Der Ukraine-Konflikt eskaliert, die EU reagiert mit Sanktionen. Wenn Handel und Austausch zum Erliegen kommen, wären auch unsere Firmen und die Hochschule betroffen. Wie sehen sie die Situation?
Andreas Engel, Präsident der IHK zu Coburg, klingt nicht gerade optimistisch: "Wenn es zu Strafmaßnahmen gegen Russland kommt, ist damit zu rechnen, dass die Energiepreise, vor allem Öl und Gas, nun massiv weiter steigen, selbst wenn die Lieferungen nicht unterbrochen werden. Und das in einer Situation, da die Energiepreise ohnehin seit einiger Zeit nur eine Richtung kennen: steil nach oben", sagt er. Schon jetzt würden weite Teile der Wirtschaft unter den hohen Preisen ächzen. Russland exportiere zudem nicht nur Erdgas, sondern auch Metalle wie Aluminium, Titan und Palladium. "Hier ergeben sich große, heute noch nicht konkretisierbare Risiken für die weitere wirtschaftliche Entwicklung."
Dabei sei Russland ein wichtiger Markt mit gewachsenen, langjährigen Geschäftsbeziehungen für über 30 Unternehmen aus dem IHK-Bezirk Coburg, sagt Engel. Das gelte vor allem für die Bereiche Maschinenbau, Elektrotechnik, Automotive, Industriekeramik und Spielwaren. "Seit Verhängung der Sanktionen gegen Russland im Jahr 2014 sind die Geschäfte in einzelnen Fällen um bis zu zwei Drittel eingebrochen."

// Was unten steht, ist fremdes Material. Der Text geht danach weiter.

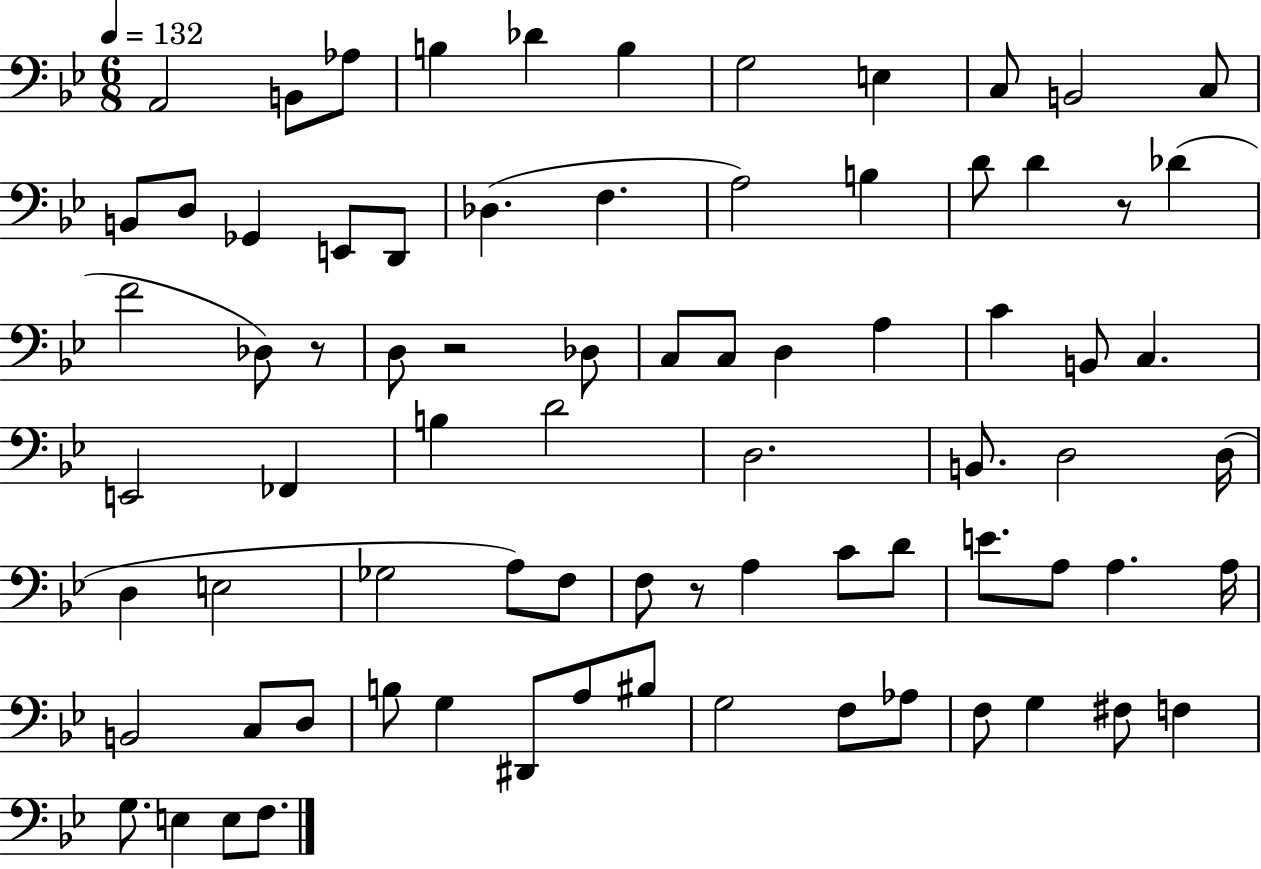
{
  \clef bass
  \numericTimeSignature
  \time 6/8
  \key bes \major
  \tempo 4 = 132
  \repeat volta 2 { a,2 b,8 aes8 | b4 des'4 b4 | g2 e4 | c8 b,2 c8 | \break b,8 d8 ges,4 e,8 d,8 | des4.( f4. | a2) b4 | d'8 d'4 r8 des'4( | \break f'2 des8) r8 | d8 r2 des8 | c8 c8 d4 a4 | c'4 b,8 c4. | \break e,2 fes,4 | b4 d'2 | d2. | b,8. d2 d16( | \break d4 e2 | ges2 a8) f8 | f8 r8 a4 c'8 d'8 | e'8. a8 a4. a16 | \break b,2 c8 d8 | b8 g4 dis,8 a8 bis8 | g2 f8 aes8 | f8 g4 fis8 f4 | \break g8. e4 e8 f8. | } \bar "|."
} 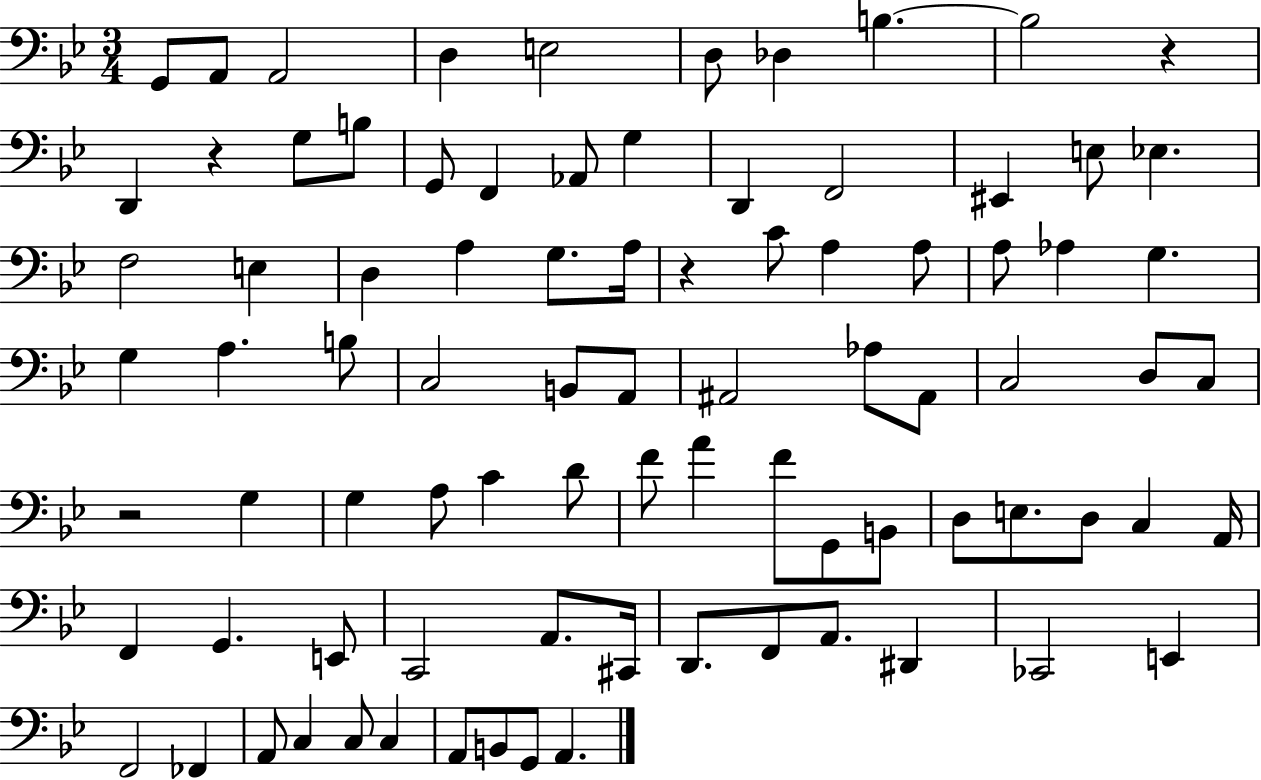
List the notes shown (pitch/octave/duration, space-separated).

G2/e A2/e A2/h D3/q E3/h D3/e Db3/q B3/q. B3/h R/q D2/q R/q G3/e B3/e G2/e F2/q Ab2/e G3/q D2/q F2/h EIS2/q E3/e Eb3/q. F3/h E3/q D3/q A3/q G3/e. A3/s R/q C4/e A3/q A3/e A3/e Ab3/q G3/q. G3/q A3/q. B3/e C3/h B2/e A2/e A#2/h Ab3/e A#2/e C3/h D3/e C3/e R/h G3/q G3/q A3/e C4/q D4/e F4/e A4/q F4/e G2/e B2/e D3/e E3/e. D3/e C3/q A2/s F2/q G2/q. E2/e C2/h A2/e. C#2/s D2/e. F2/e A2/e. D#2/q CES2/h E2/q F2/h FES2/q A2/e C3/q C3/e C3/q A2/e B2/e G2/e A2/q. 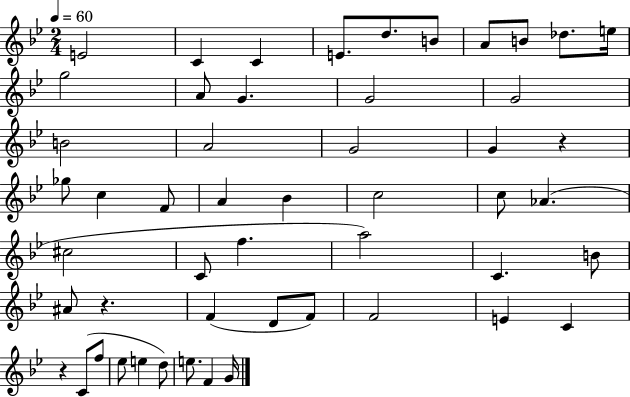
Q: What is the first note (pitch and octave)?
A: E4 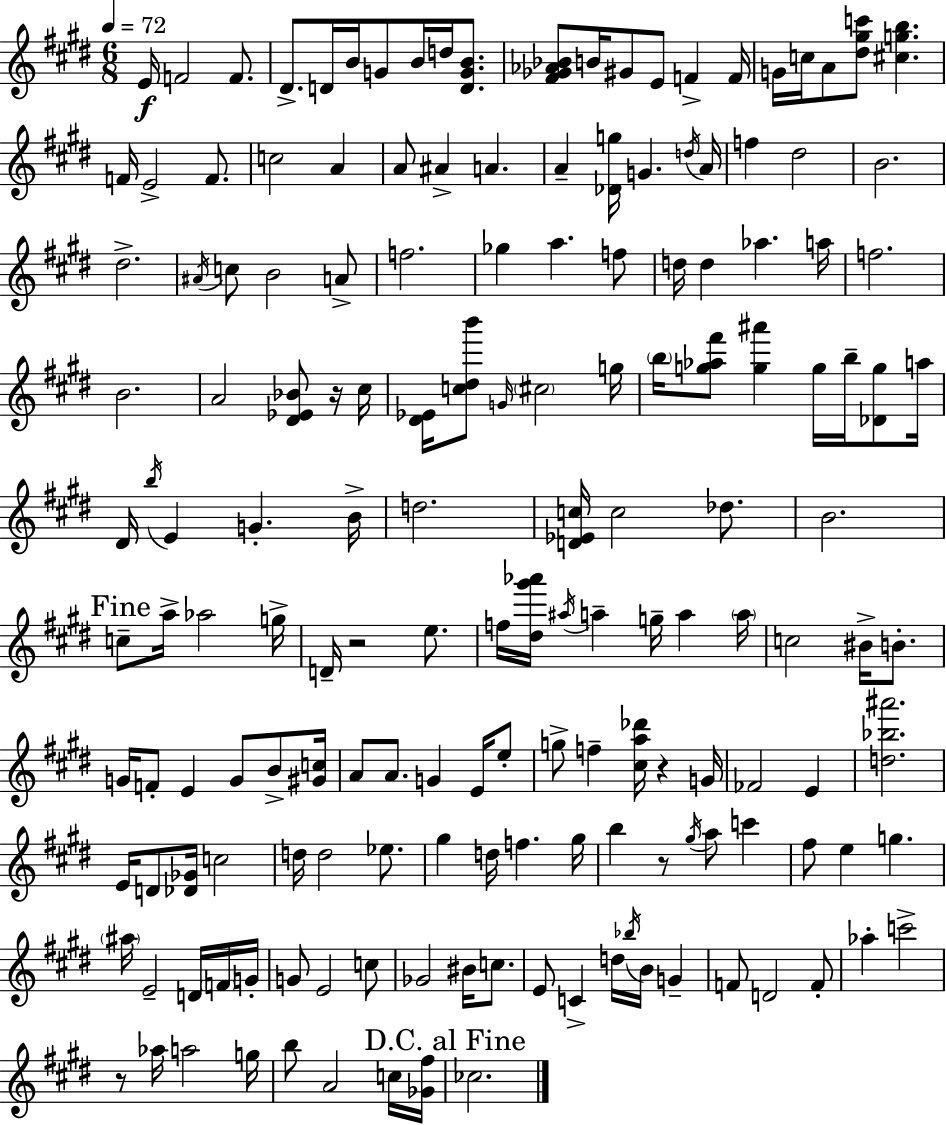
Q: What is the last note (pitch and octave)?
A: CES5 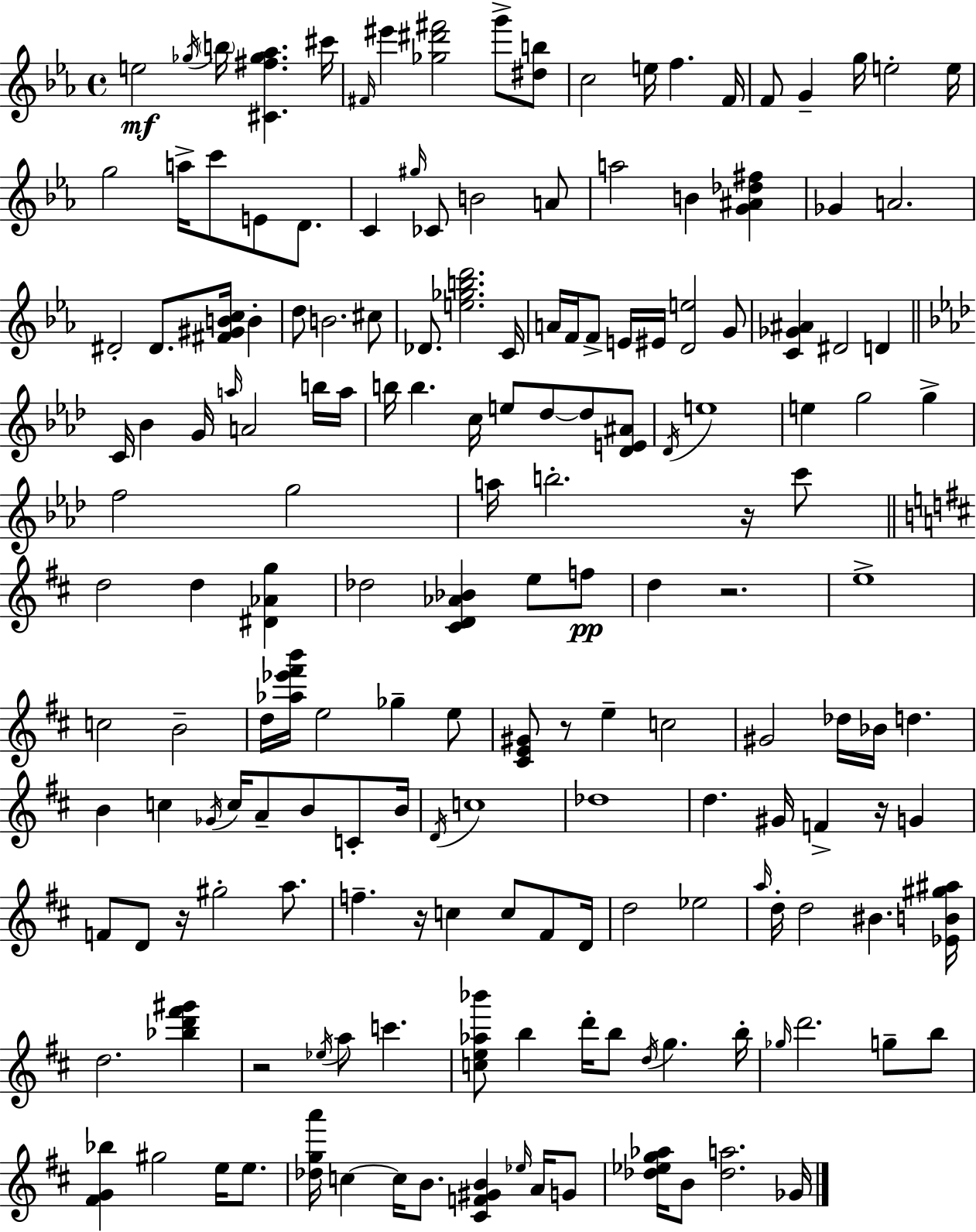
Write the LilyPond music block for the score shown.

{
  \clef treble
  \time 4/4
  \defaultTimeSignature
  \key c \minor
  e''2\mf \acciaccatura { ges''16 } \parenthesize b''16 <cis' fis'' ges'' aes''>4. | cis'''16 \grace { fis'16 } eis'''4 <ges'' dis''' fis'''>2 g'''8-> | <dis'' b''>8 c''2 e''16 f''4. | f'16 f'8 g'4-- g''16 e''2-. | \break e''16 g''2 a''16-> c'''8 e'8 d'8. | c'4 \grace { gis''16 } ces'8 b'2 | a'8 a''2 b'4 <g' ais' des'' fis''>4 | ges'4 a'2. | \break dis'2-. dis'8. <fis' gis' b' c''>16 b'4-. | d''8 b'2. | cis''8 des'8. <e'' ges'' b'' d'''>2. | c'16 a'16 f'16 f'8-> e'16 eis'16 <d' e''>2 | \break g'8 <c' ges' ais'>4 dis'2 d'4 | \bar "||" \break \key aes \major c'16 bes'4 g'16 \grace { a''16 } a'2 b''16 | a''16 b''16 b''4. c''16 e''8 des''8~~ des''8 <des' e' ais'>8 | \acciaccatura { des'16 } e''1 | e''4 g''2 g''4-> | \break f''2 g''2 | a''16 b''2.-. r16 | c'''8 \bar "||" \break \key d \major d''2 d''4 <dis' aes' g''>4 | des''2 <cis' d' aes' bes'>4 e''8 f''8\pp | d''4 r2. | e''1-> | \break c''2 b'2-- | d''16 <aes'' ees''' fis''' b'''>16 e''2 ges''4-- e''8 | <cis' e' gis'>8 r8 e''4-- c''2 | gis'2 des''16 bes'16 d''4. | \break b'4 c''4 \acciaccatura { ges'16 } c''16 a'8-- b'8 c'8-. | b'16 \acciaccatura { d'16 } c''1 | des''1 | d''4. gis'16 f'4-> r16 g'4 | \break f'8 d'8 r16 gis''2-. a''8. | f''4.-- r16 c''4 c''8 fis'8 | d'16 d''2 ees''2 | \grace { a''16 } d''16-. d''2 bis'4. | \break <ees' b' gis'' ais''>16 d''2. <bes'' d''' fis''' gis'''>4 | r2 \acciaccatura { ees''16 } a''8 c'''4. | <c'' e'' aes'' bes'''>8 b''4 d'''16-. b''8 \acciaccatura { d''16 } g''4. | b''16-. \grace { ges''16 } d'''2. | \break g''8-- b''8 <fis' g' bes''>4 gis''2 | e''16 e''8. <des'' g'' a'''>16 c''4~~ c''16 b'8. <cis' f' gis' b'>4 | \grace { ees''16 } a'16 g'8 <des'' ees'' g'' aes''>16 b'8 <des'' a''>2. | ges'16 \bar "|."
} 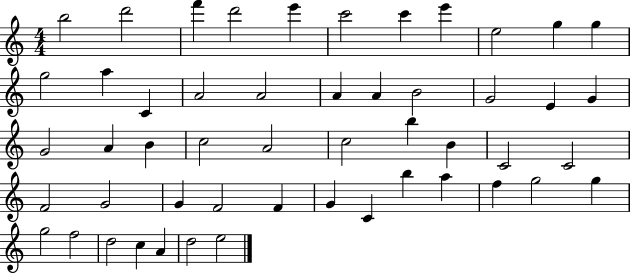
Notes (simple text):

B5/h D6/h F6/q D6/h E6/q C6/h C6/q E6/q E5/h G5/q G5/q G5/h A5/q C4/q A4/h A4/h A4/q A4/q B4/h G4/h E4/q G4/q G4/h A4/q B4/q C5/h A4/h C5/h B5/q B4/q C4/h C4/h F4/h G4/h G4/q F4/h F4/q G4/q C4/q B5/q A5/q F5/q G5/h G5/q G5/h F5/h D5/h C5/q A4/q D5/h E5/h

Interessant dank Handelsabkommen
Auch die Ukraine ist ein Markt mit großem Potenzial aus Coburger Sicht. Dorthin pflegen laut Engel rund 20 Unternehmen aus dem IHK-Bezirk Kontakte, vor allem aus den Bereichen Automotive, Maschinenbau und Konsumgüter. Was die Ukraine als Handelspartner interessant macht: die geographische Nähe des Landes zur und das Freihandelsabkommen "Deep and Comprehensive Free Trade Area" mit der EU.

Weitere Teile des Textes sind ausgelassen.